● **Task directions**:
Keep the pictures out, please, and set down every record exactly.

================================

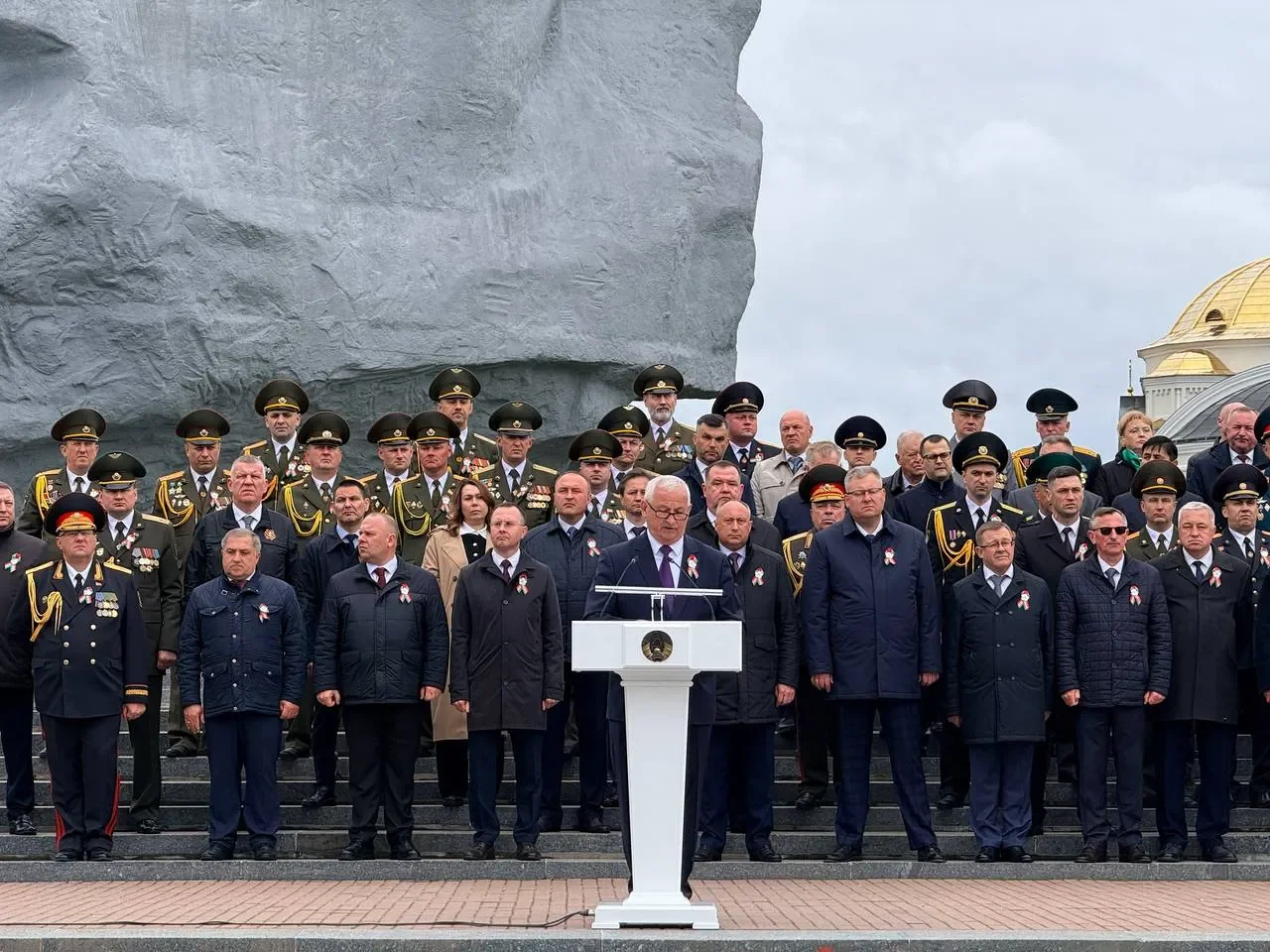 Брестская крепость озарилась салютом в честь 9 Мая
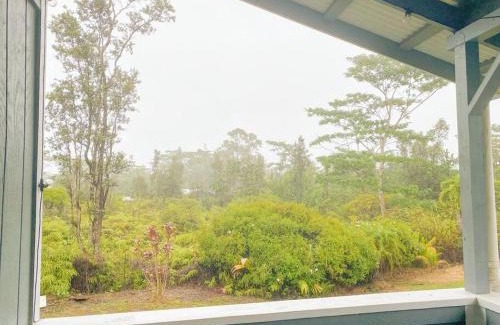 Keaau Apartment | Hibiscus Hale, Full Kitchen, King Bed, Parking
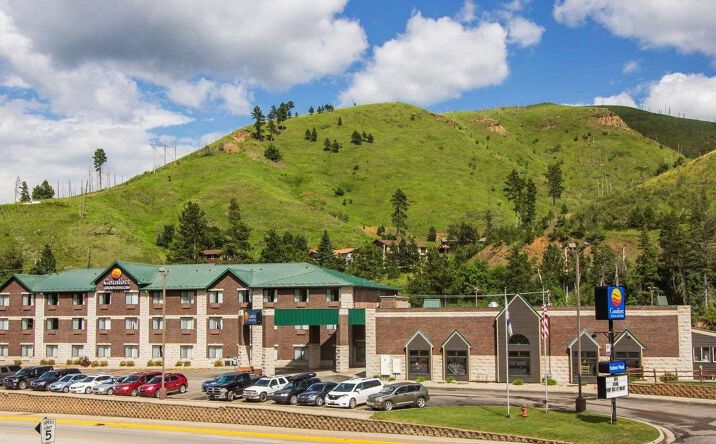 Pictures of Hospitality property located at 225 Cliff St, Deadwood, SD 57732 for sales - image #1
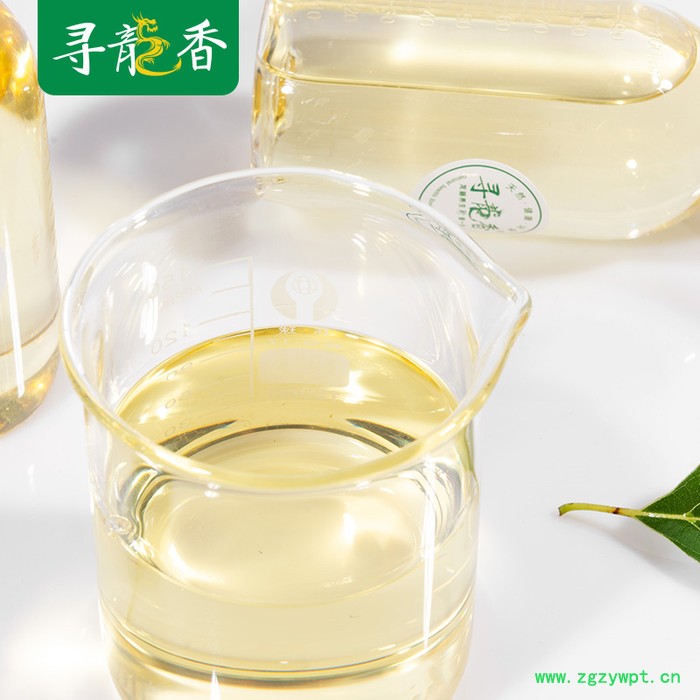 寻龙香 龙脑精油 龙脑油 右旋龙脑油 龙脑樟枝叶提取油1公斤图4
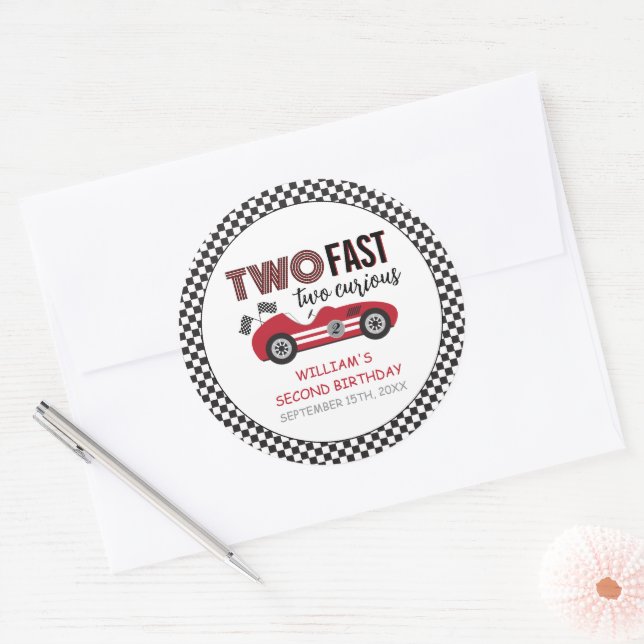 Sticker Rond Deux Fast Red Race Car deuxième anniversaire (Enveloppe)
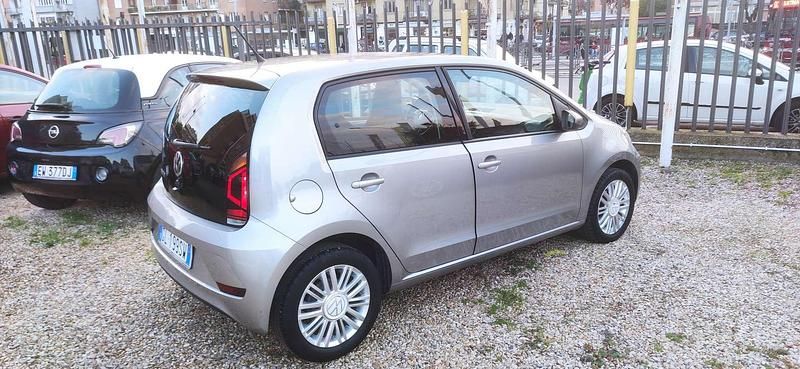 Usata VW up! Move 65 CV (47 kW) 2022 Bianco Utilitaria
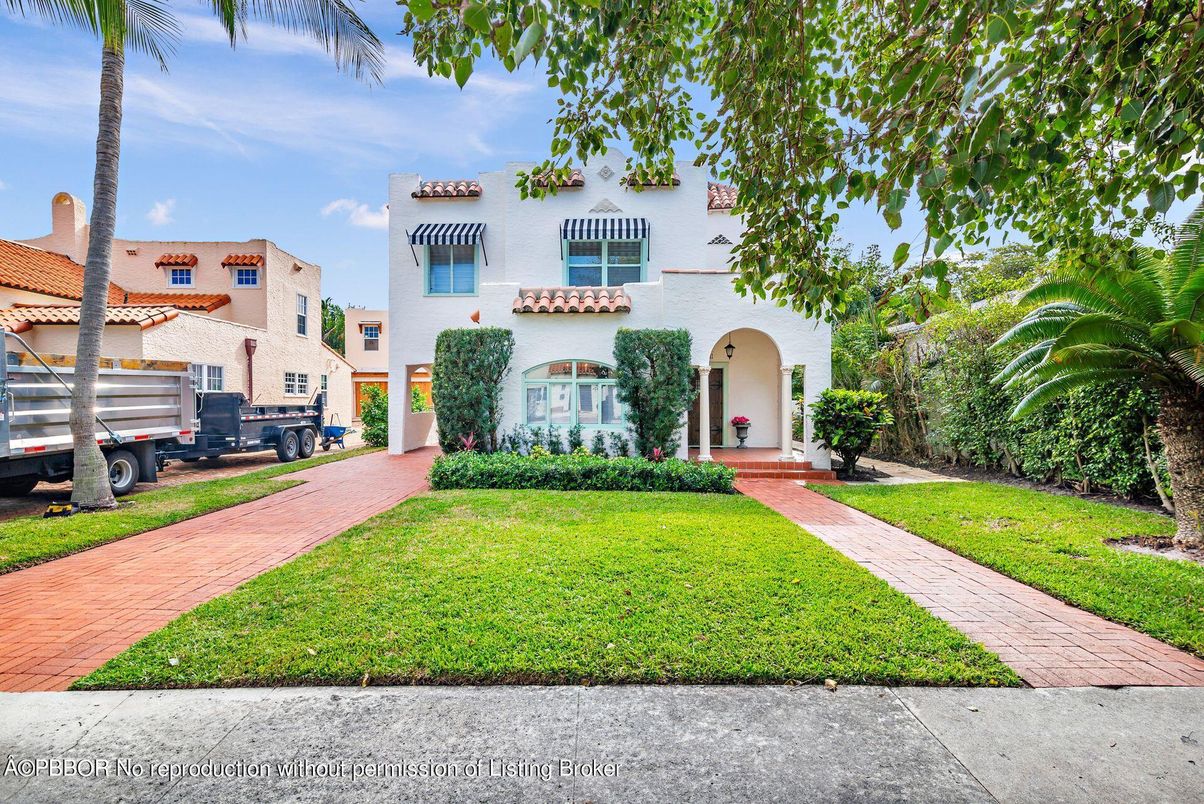 Backyard, Exterior, Facade, Spanish Mediterranean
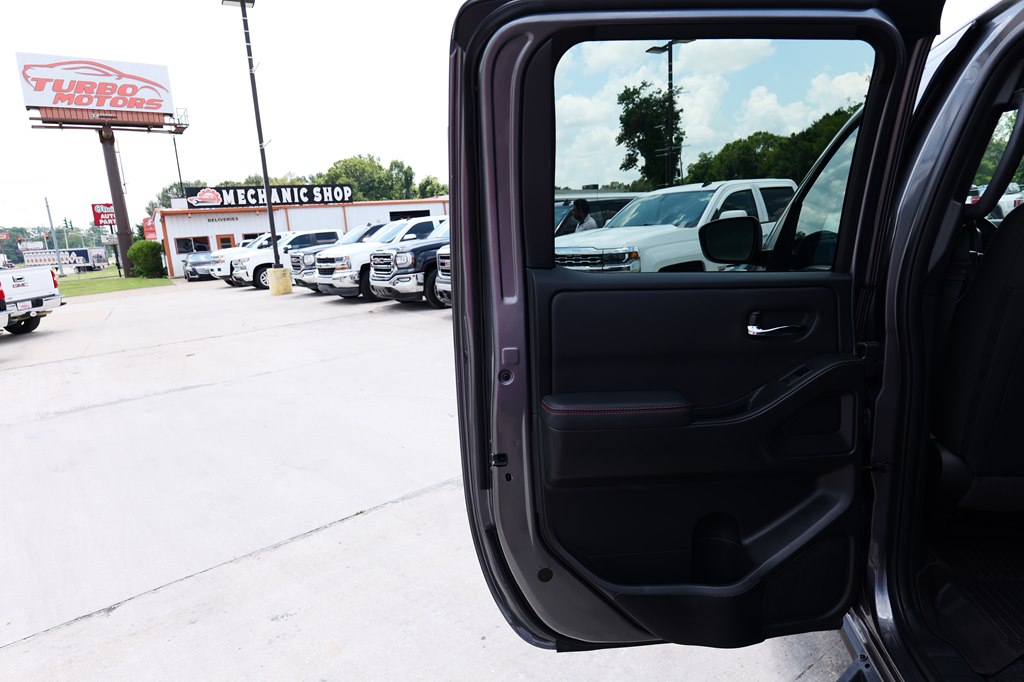 Photo 28 of this NISSAN FRONTIER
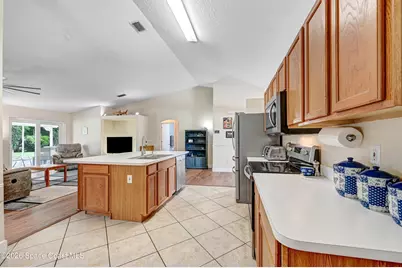 1345 Coventry Circle, Melbourne, FL 32904 - Photo 10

================================

● **Exercise solution**:
 Брестская крепость озарилась салютом в честь 9 Мая
 Keaau Apartment | Hibiscus Hale, Full Kitchen, King Bed, Parking
 Pictures of Hospitality property located at 225 Cliff St, Deadwood, SD 57732 for sales - image #1
 寻龙香 龙脑精油 龙脑油 右旋龙脑油 龙脑樟枝叶提取油1公斤图4
 Sticker Rond Deux Fast Red Race Car deuxième anniversaire (Enveloppe)
 Usata VW up! Move 65 CV (47 kW) 2022 Bianco Utilitaria
 Backyard, Exterior, Facade, Spanish Mediterranean
 Photo 28 of this NISSAN FRONTIER
 1345 Coventry Circle, Melbourne, FL 32904 - Photo 10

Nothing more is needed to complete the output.